Hey guys,
I've been doing some experimenting, trying to determine what jump instructions work (sucessfully) based on storing the fpu status word in the AX register.
As in:
FLD avalue
FLD bvalue
FCOM
FSTSW AX
FWAIT
SAHF
; <------- some jump instruction here -----> jne, jnl, jng, jnle, jz, je, jl, jg, jle, jge, jnz, ...etc.
Testing leads to a lot of hair pulling..., when some things appear to work, under some circumstances, but, then dont under others.
I've searched the forum archives and done some googling, but, I'm not finding too much information.
Any ideas or pointers would be appreciated.
Thanks,
steve
2 things will come in handy
1) Ray's FPU tutorial
http://www.ray.masmcode.com/fpu.html
specifically...
http://www.ray.masmcode.com/tutorial/fpuchap7.htm
2) a table that shows which flags the conditional branch instructions test
http://www.arl.wustl.edu/~lockwood/class/cs306/books/artofasm/Chapter_6/CH06-5.html#HEADING5-226
you may better use fcomi[p], which directly set the flags -> JA/JB/...
Quote from: qWord on February 02, 2012, 08:23:12 AM
you may better use fcomi[p], which directly set the flags -> JA/JB/...
Hey qWord,
thanks for pointing that (FCOMI) out.
I didn't catch that in my searches the first time around and my reference book does not include it.
It looks like that could solve the problem,
IF most processors in use include it.
I'm not so concerned with the newer ones.
It's the older desktops, laptops and notebooks I wonder about.
FCOMI was introduced with Intle's P6 (1995) - don't worry about availability :bg
Okay..., this is really odd.
I get these similar errors from JWasm and Masm:
JWasm :: Test2.asm(111) : Error A2049: Invalid instruction operands.
Masm :: Test2.asm(111) : error A2085: instruction or register not accepted in current CPU mode.
from this code segment:
FILD aa
FILD cc
FCOMI
jng Label
Line #111 is the FCOMI instruction.
I have tried:
FCOMI ST(1)
FCOMI ST(0), ST(1)
Any ideas what this is all about ?
Quote from: SteveAsm on February 02, 2012, 10:09:13 PM
Masm :: Test2.asm(111) : error A2085: instruction or register not accepted in current CPU mode.
include \masm32\include\masm32rt.inc
.686
also, FILD will only work with words, dwords, or qwords
you may need to use a size override operator
SomeStuff db 0,0,0,0,0,0,0,80h
;
;
FILD qword ptr SomeStuff
Quote from: dedndave on February 02, 2012, 10:21:33 PM
also, FILD will only work with words, dwords, or qwords
FILD
will should only work with words, dwords, or qwords
include \masm32\include\masm32rt.inc
.code
SomeStuff dq 1234567
start:
FLD qword ptr SomeStuff ; try FILD
push eax
fistp dword ptr [esp]
pop eax
print str$(eax)
exit
end start
Of course, the result is gibberish :bg
Quote from: jj2007 on February 02, 2012, 10:12:59 PM
include \masm32\include\masm32rt.inc
.686
Aha!
.686this is the key.
Nowhere in my search results was that illustrated.
I had tried everything but .686 .
Thanks for that JJ,
Thanks once again guys.
Quote.686
this is the key.
Nowhere in my search results was that illustrated.
If you had looked at the first link given to you by dedndave, you would have found this:
QuoteNote: This instruction is valid only for the Pentium Pro and subsequent processors.

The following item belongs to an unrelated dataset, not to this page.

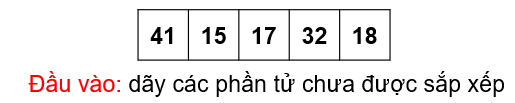 BÀI 16 - THUẬT TOÁN SẮP XẾPMỞ ĐẦUCâu 1: Có hai chất lỏng khác màu là xanh và đỏ, lần lượt được chứa trong hai chiếc cốc A và B (Hình 16.1a). Chúng ta cần đổi chỗ hai chất lỏng này, sao cho cốc A đựng chất lỏng màu đỏ, còn cốc B đựng chất lỏng màu xanh. Để thực hiện công việc này, chúng ta sử dụng thêm một chiếc cốc thứ ba (cốc C) không đựng gì. Em hãy quan sát Hình 16.1b, Hình 16. 1c, Hình 16.1d để biết cách thực hiện.Đáp án chuẩn:- Đổ nước trong cốc A (hoặc cốc B) sang cốc C.- Đổ nước trong cốc B (hoặc A) còn lại sang cốc trống.- Đổ nước trong cốc C vào cốc còn trống.1. THUẬT TOÁN SẮP XẾP NỔI BỌTHoạt động 1. Mô phỏng thuật toán sắp xếp nổi bọtCâu 1: Em hãy thực hiện thuật toán sắp xếp nổi bọt để sắp xếp 5 số sau đây theo thứ tự tăng dần. Hãy mô phỏng các bước sắp xếp bằng hình vẽ minh họa tương tự như Hình 16.2, Hình 16.3, Hình 16.4.Đáp án chuẩn:- Xét vị trí đầu tiên, vòng lặp thứ nhất thực hiện như sau:- Xét vị trí thứ hai:- Xét vị trí thứ ba:Câu hỏiCâu 1: Thuật toán sắp xếp nổi bọt sắp xếp danh sách bằng cáchA. Chọn phần tử có giá trị bé nhất đặt vào đầu danh sách.B. Chọn phần tử có giá trị lớn nhất đặt vào đầu danh sách.C. Hoán đổi nhiều lần các phần tử liền kề nếu giá trị của chúng không đúng thứ tự.D. Chèn phần tử vào vị trí thích hợp để đảm bảo danh sách sắp xếp theo đúng thứ tự.Đáp án chuẩn:Đáp án C. 2. THUẬT TOÁN SẮP XẾP CHỌNHoạt động 2. Sắp xếp chọnCâu 1: Chọn năm học sinh, mỗi học sinh viết ra tờ giấy một con số mà mình yêu thích. Các em đứng thành một hàng ngang và cầm tớ giấy có ghi con số để cả lớp có thể quan sát được.Ví dụ:Học sinh thứ sau thực hiện thuật toán sắp xếp chọn để sắp xếp các con số của năm bạn theo thứ tự tăng dần.Đáp án chuẩn:Câu hỏiCâu 1: Em hãy viết vào vở cụ thể các bước của vòng lặp thứ 2, 3, 4 được mô tả trong hình 16.5.Đáp án chuẩn:3. CHIA BÀI TOÁN THÀNH NHỮNG BÀI TOÁN NHỎ HƠNCâu 1: Tại sao chúng ta chia bài toán thành những bài toán nhỏ hơn?A. Để thay đổi đầu vào của bài toán.B. Để thay đổi yêu cầu đầu ra của bài toán.C. Để bài toán dề giải quyết hơn.D. Để bài toán khó giải quyết hơn.Đáp án chuẩn:Đáp án C. LUYỆN TẬPCâu 1: Em hãy liệt kê các bước của thuật toán sắp xếp nổi bọt để sắp xếp các số 3, 2, 4, 1, 5, theo thứ tự tăng dần.Đáp án chuẩn:Câu 2: Em hãy liệt kê các bước của thuật toán sắp xếp chọn để sắp xếp các số 3, 2, 4, 1, 5 theo thứ tự tăng dần.Đáp án chuẩn:VẬN DỤNG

It may not be supported by some assemblers (for MASM, the .686 directive must be used).
Quote from: raymond on February 03, 2012, 01:35:18 AM
If you had looked at the first link given to you by dedndave, you would have found this:
QuoteNote: This instruction is valid only for the Pentium Pro and subsequent processors. It may not be supported by some assemblers (for MASM, the .686 directive must be used).
I don't want to appear antagonsitic, Ray, but I
did look at Dave's first link.
There is a lot of information there, and I simply missed the
Note.
After spending the entire afternoon and evening playing with FCOMI, it doesn't appear that it solves any problems.
It eliminates a few steps, but, the result is still the same.
You are still limited to only a few branching options, as most of the x86 branch instruction are unusable.
Quote from: SteveAsm on February 03, 2012, 04:44:04 PMYou are still limited to only a few branching options, as most of the x86 branch instruction are unusable.
Which instructions are unusable?
Quote from: SteveAsm on February 03, 2012, 04:44:04 PMYou are still limited to only a few branching options, as most of the x86 branch instruction are unusable.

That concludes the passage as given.